By Published On: January 23, 20262.2 min read

Concerns over US fiscal sustainability are gaining renewed attention in global markets, with a growing focus on funding dynamics rather than outright selling of US assets. A recent warning from a senior adviser connected to the People’s Bank of China highlighted the risks posed by rising US deficits and increased debt issuance. The adviser cautioned that these factors could undermine confidence among global investors, especially amid heightened geopolitical tensions and trade frictions that are reshaping capital flows. The core message was that the US’s ongoing dependence on external funding makes it vulnerable to shifts in global demand for dollar-denominated assets.

Supporting this perspective, new analysis from UBS challenges the common narrative of “sell US” trades as the main threat. UBS emphasises that fiscal crises rarely result from mass selling of government debt. Instead, the real danger lies in the reduction or sudden withdrawal of marginal buyers who fund ongoing deficits. In other words, the problem is not bond sell-offs themselves but a drying up of funding inflows, which leads to higher borrowing costs and a loss of confidence.

Historical examples reinforce this distinction. The UK gilt crisis in 2022 and Greece’s sovereign debt crisis a decade earlier were not caused by large-scale liquidation of bonds. Rather, these crises emerged when investors stopped rolling over debt or purchasing new issuances at prevailing yields, causing sharp increases in borrowing costs and triggering policy upheavals.

This funding vulnerability is particularly relevant for the United States. Unlike Japan—which finances much of its government debt through domestic savings—US fiscal deficits depend heavily on foreign capital inflows. A sustained decline in overseas demand, whether due to political risks, concerns over long-term debt trajectories, or portfolio shifts, could push US yields higher even if current holders of US debt do not actively sell.

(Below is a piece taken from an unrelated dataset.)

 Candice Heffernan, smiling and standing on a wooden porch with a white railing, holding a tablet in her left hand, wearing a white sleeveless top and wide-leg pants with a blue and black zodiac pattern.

In contrast, Japan’s debt is largely financed domestically, providing it with greater protection against sudden changes in global funding sentiment despite having a high debt-to-GDP ratio. This difference explains why economies relying on external financing may experience sharper market stress when funding conditions deteriorate.

Taken together, the warnings from the PBOC adviser and UBS analysis underscore a key truth: risks to fiscal sustainability arise when confidence in future funding weakens. For forex traders, the critical issue is not an immediate sell-off in US government bonds but whether global investors will continue to finance growing US deficits at reasonable costs. This question is becoming increasingly important as US debt issuance expands and global financial conditions tighten.

While these risks merit attention, markets remain far from a crisis scenario at present.